There is Still Little Treatment for Radiation Sickness
Even today, there is little doctors can do for those exposed to toxic amounts of radiation: According to the Mayo Clinic:
A person who has absorbed very large doses of radiation has little chance of recovery… People with a lethal radiation dose will receive medications to control pain, nausea, vomiting and diarrhea. They may also benefit from psychological or pastoral care.
In an actual bombing, with tens of millions of casualties occurring all at once, many hospitals destroyed, and US infrastructure in ruins, it is extremely unlikely that pain medicine would be available to the vast majority of affected people, much less psychological counseling.
Medical Treatment in a Nuclear War
If a person is exposed to a lesser dose of radiation, there are some treatments available.
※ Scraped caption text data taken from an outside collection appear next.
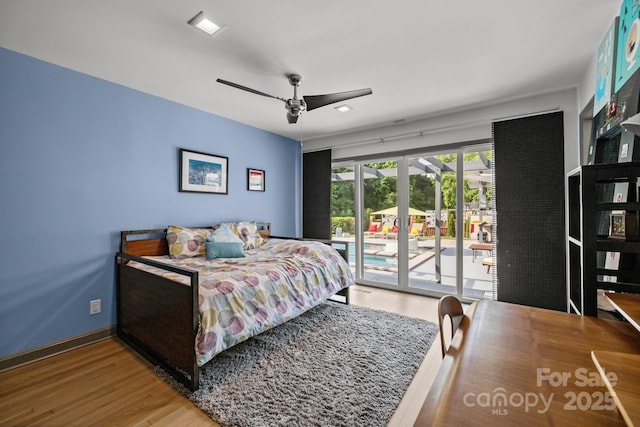 2121 Valencia Ter, Charlotte, NC 28226 - bedroom featuring wood finished floors, access to outside, ceiling fan, and baseboards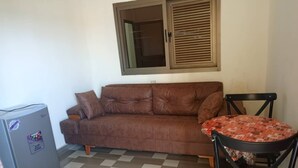 Un canapé marron, une petite table recouverte d’une nappe à motifs, un réfrigérateur et une fenêtre avec des stores.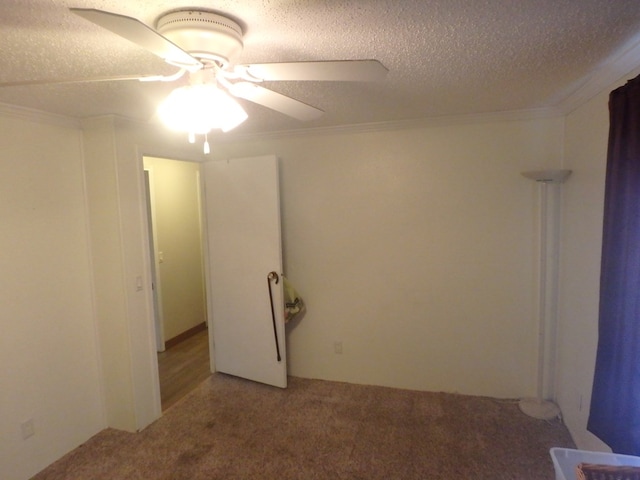 unfurnished room with a textured ceiling, ceiling fan, carpet, and crown molding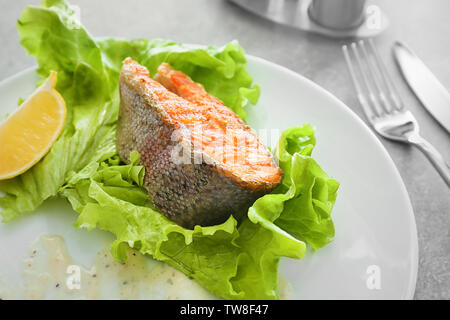 Delizioso fritto di trota arcobaleno con lattuga e salsa su piastra, primo piano Foto Stock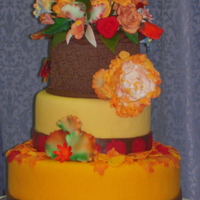 Thanksgiving dummy cake for class with Collete Peters. Gum paste flowers with fondant leaves.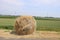 Cut sides of road like hay in a roll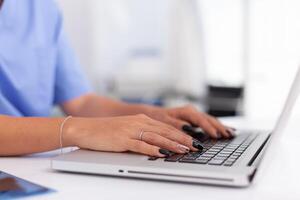 Close up of doctor hands typing on a laptop in a medical office. Health practitioner searching in hospital database using laptop in hospital cabinet, keyboard, job. photo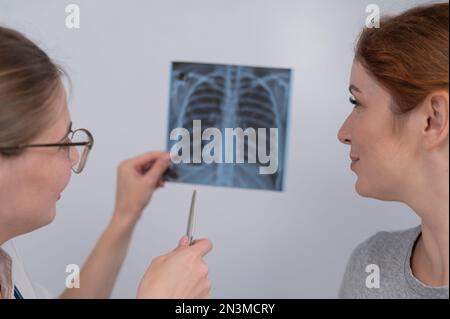 Der Arzt konsultiert eine kaukasische Frau und kommentiert die Röntgenaufnahme der Lunge. Stockfoto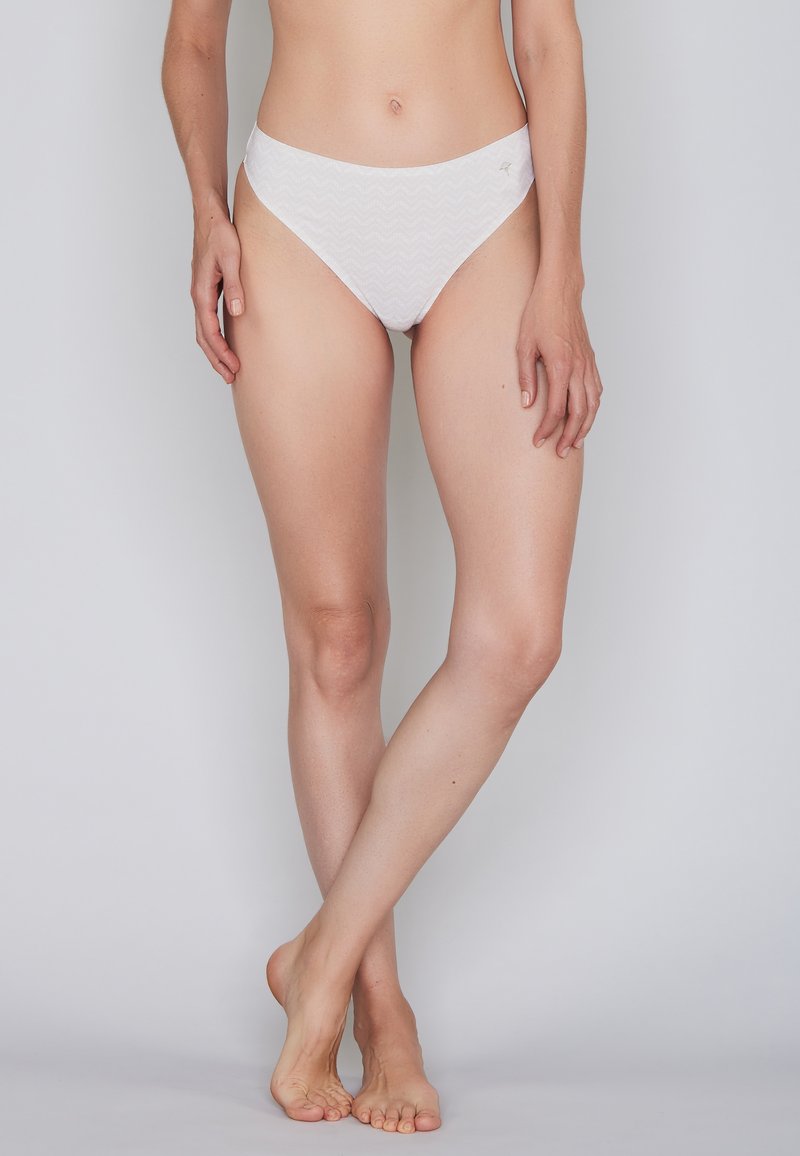 White cotton bikini briefs with a zigzag pattern, low-rise design, smooth texture, and minimal stitching detail at the waistband.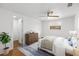 Cozy bedroom with wood floors, a ceiling fan, and ample natural light from a window at 3975 Coleridge Pl, Sarasota, FL 34241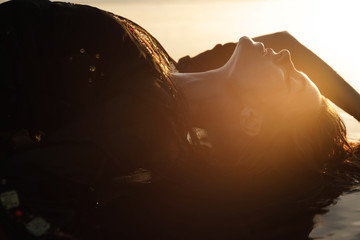 Wall Mural - Sexy woman wearing black tunic is posing on the beach with black sand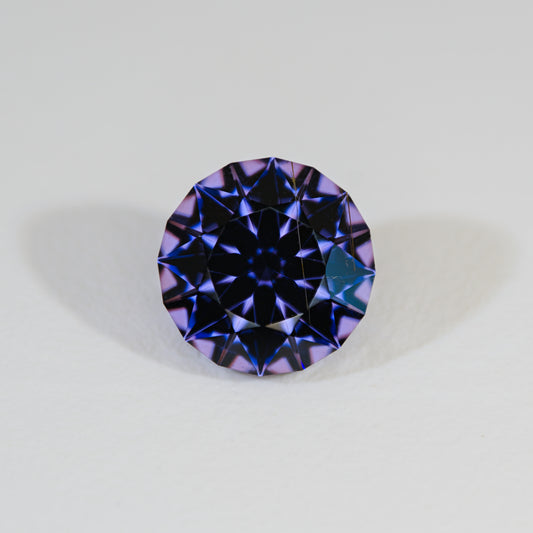 Spinel Tunduru Vivid Blue Purple Color Shift Precision Round Brilliant on white background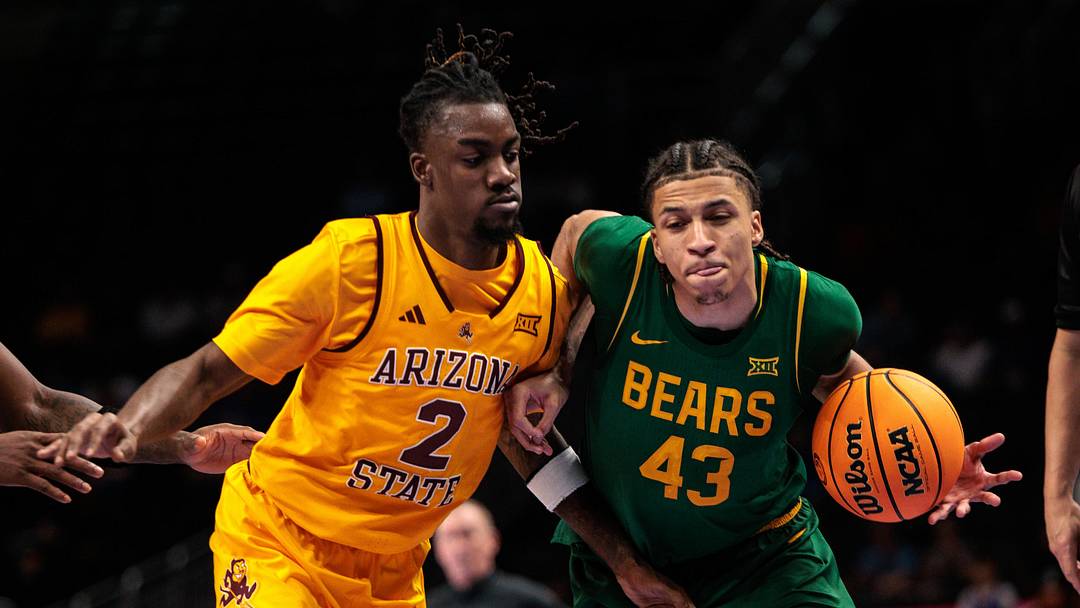 Baylor Bears guard Cameron Carr (43) drives around Arizona State Sun Devils guard Anthony Johnson (2) during the second half at T-Mobile Center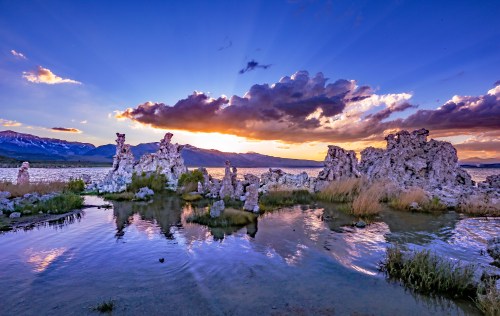 Sunset over Mono Lake, featuring unique rock formations and reflections in the water, with colorful clouds in the sky.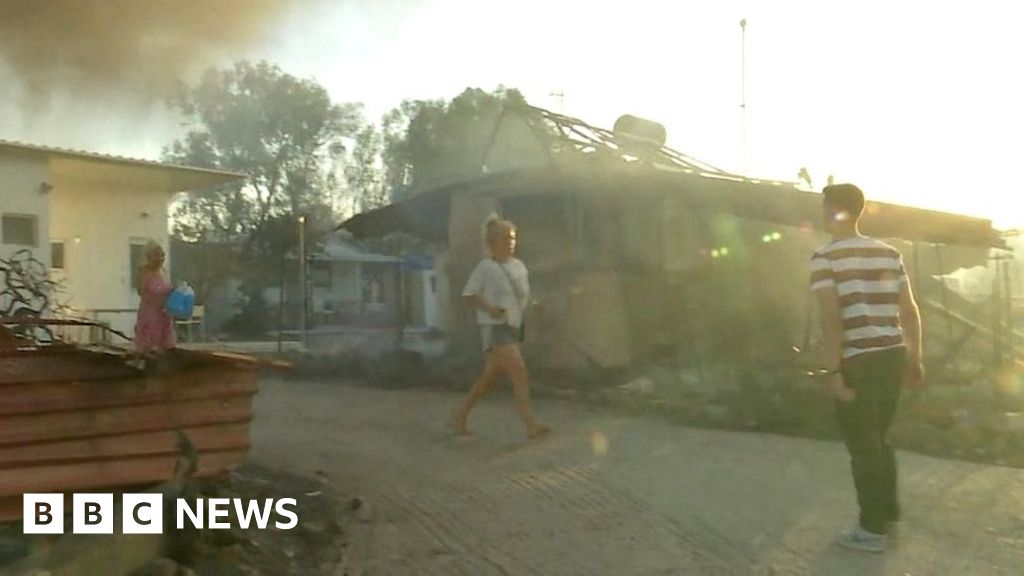 Residents flee burning homes in Rhodes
While the damage done to a person’s body from radiation cannot be reversed, there are medications that can help remove radiation from the body.
Very few of these medications are available, however, and medical professionals could give them to only a tiny fraction of victims.
Blood transfusions can also help, but in a real-life scenario, casualties would flood hospitals, with millions needing such transfusions, whether from injuries sustained in the bombing or from radiation. There would never be the blood available, or the surgeons available, to treat all but a very few.
Also, in an actual nuclear war, there would be multiple detonations throughout the country, not just one. The number of people who would die in the United States, and worldwide, would be astronomical.